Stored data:
- - - -
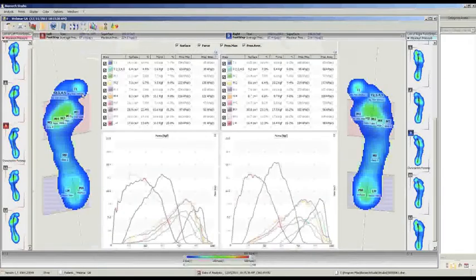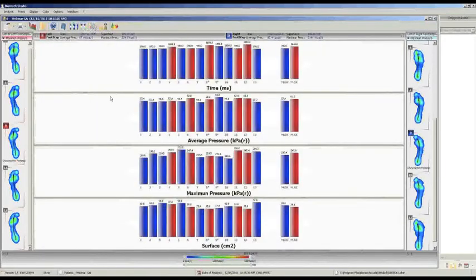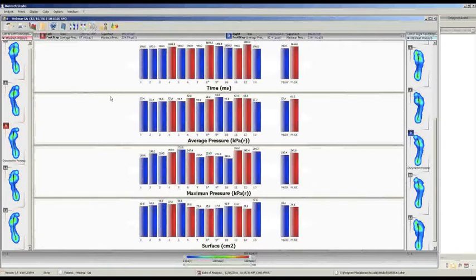Then we have another visualization about the force during each footprint and the different kinds of overload of the foot. Then we have another visualization in histograms to evaluate the duration of contact, the average pressure, the maximum pressure, and the surface for each contact of the foot on the ground. The histogram view is very important because we can see for how long we stay in a particular position of the foot — whether there is overload of the heel, the internal contact, the external contact, or the last part of the foot.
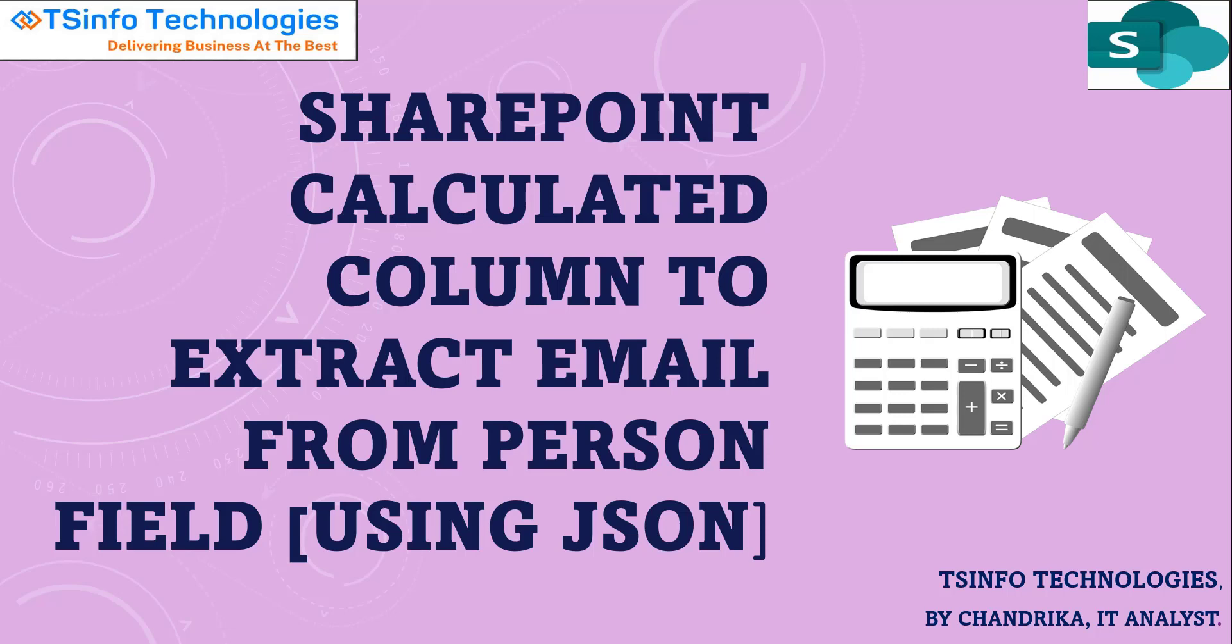Now I will show you how to use JSON script to get email address from a person or group field in SharePoint list.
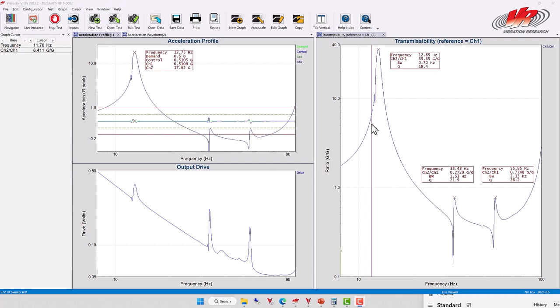How narrow the bandwidth of a resonance is has importance to the test engineer for whether or not a controller can appropriately control through that particular resonance.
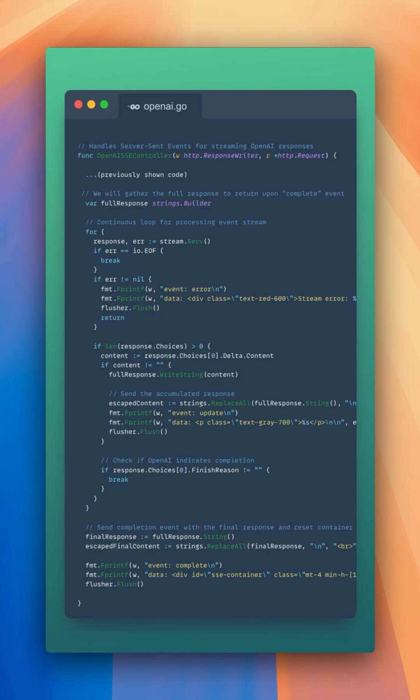At this point, all we have to do is return some HTML that no longer tries to establish the server-sent event connection and shows the user the final output.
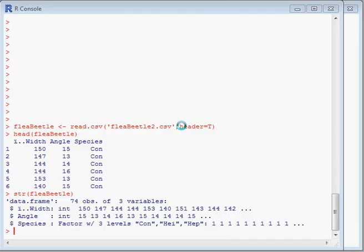In this example, we're using a dataset that has data about three species of flea beetle: Ketocnema consina, Ketocnema hycatingeri, and Ketocnema heptopotamica. The data is the width and angle of the ediagus, which is the male reproductive organ.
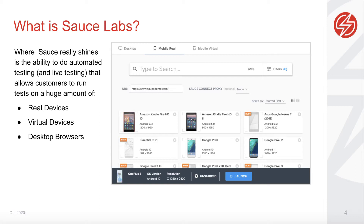Not only does it speed up time from production to launch, but when you can test on such a wide variety of devices, you minimize the risk of losing revenue and reputation. The breadth of coverage on Sauce Labs means a higher quality user experience for your customers.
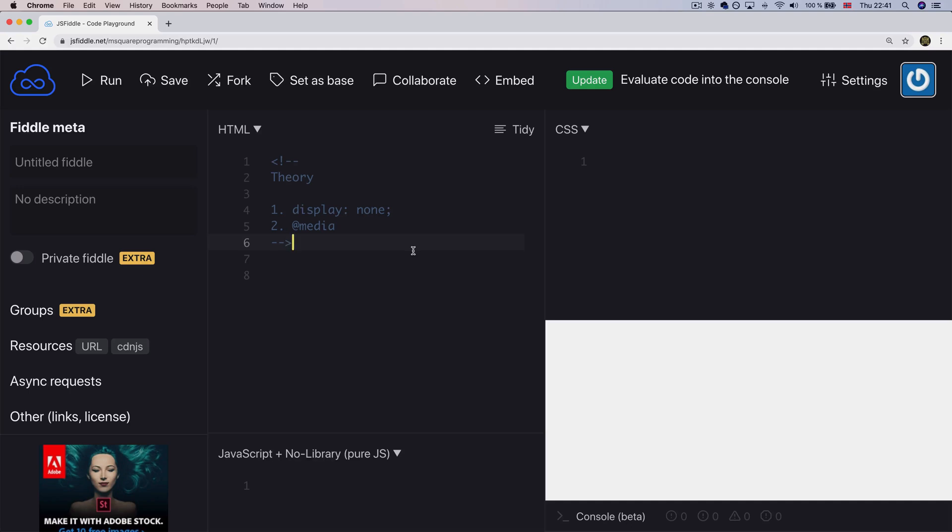Hello everyone, I'm M2 Programming. In this video, we will be able to use HTML for Messenger.com to create a responsive page.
- - - -
> [TASK DIRECTIONS]: Output the data above exactly, beginning at its first line and ending with the line that holds "Now I will show". Leave out the pictures and add nothing.

> [RESPONSE TO THE EXERCISE]:
Then we have another visualization about the force during each footprint and the different kinds of overload of the foot. Then we have another visualization in histograms to evaluate the duration of contact, the average pressure, the maximum pressure, and the surface for each contact of the foot on the ground. The histogram view is very important because we can see for how long we stay in a particular position of the foot — whether there is overload of the heel, the internal contact, the external contact, or the last part of the foot.
Now I will show you how to use JSON script to get email address from a person or group field in SharePoint list.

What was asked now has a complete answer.